Supreme Court Inaction Boosts Right To Record Police Officers

Score another one for democracy…

The Huffington Post

On Monday, the U.S. Supreme Court  declined to review a decision by the 7th U.S. Circuit Court of Appeals blocking the enforcement of an Illinois eavesdropping law. The broadly written law — the most stringent in the country — makes it a felony to make an audio recording of someone without their permission, punishable by four to 15 years in prison.

Many states have similar “all-party consent” law, which mean one must get the permission of all parties to a conversation before recording it. But in all of those states — except for Massachusetts and Illinois — the laws include a provision that the parties being recorded must have a reasonable expectation of privacy for it to be a crime to record them.

The Illinois law once included such a provision, but it was removed by the state legislature in response to an Illinois Supreme Court ruling that threw out the conviction of a man accused of recording police from the back of a squad car. That ruling found that police on the job have no reasonable expectation of privacy.

The Illinois and Massachusetts laws have been used to arrest people who attempt to record on-duty police officers and other public officials. In one of the more notorious cases, Chicago resident Tiawanda Moore was arrested in 2010 when she attempted to use her cell phone to record officers in a Chicago police station.

Moore had come to the station to report an alleged sexual assault by a Chicago cop, and says she became frustrated when internal affairs officers allegedly bullied her and attempted to talk her out of filing the report. Moore was eventually acquitted.

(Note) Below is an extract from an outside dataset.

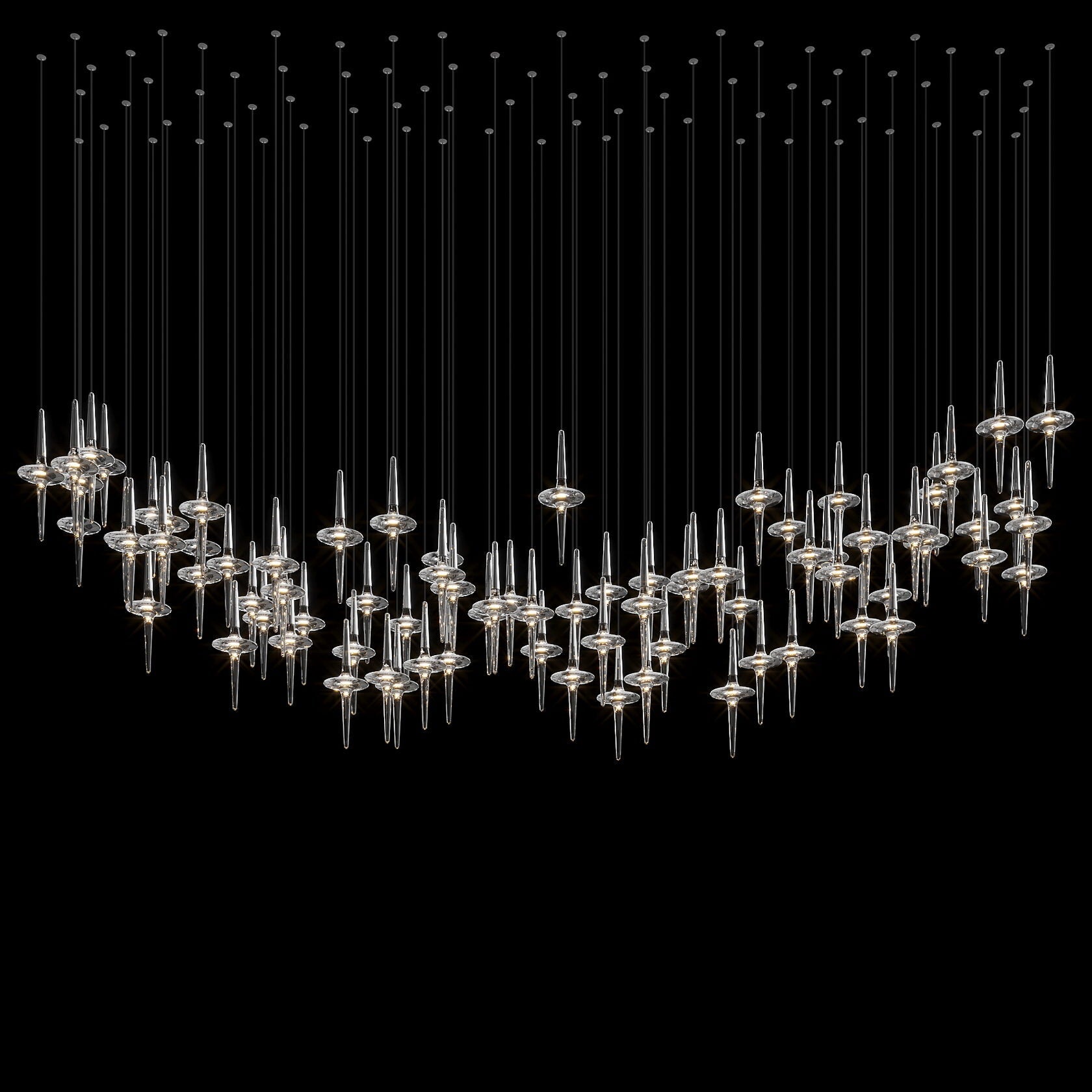 Crystal Icicle Saucer Chandelier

The lawsuit was filed by the American Civil Liberties Union, which is planning a police accountability project in Chicago that will involve recording police while they’re on duty. The organization wanted to be sure its employees and volunteers wouldn’t be charged with felonies.

The 7th Circuit Court found a specific First Amendment right to record police officers. It’s the second federal appeals court to strike down a conviction for recording police. In August 2011, the U.S. Court of Appeals for the First Circuit ruled that a man wrongly arrested for recording cops could sue the arresting officers for violating his First Amendment rights.

Continue reading here…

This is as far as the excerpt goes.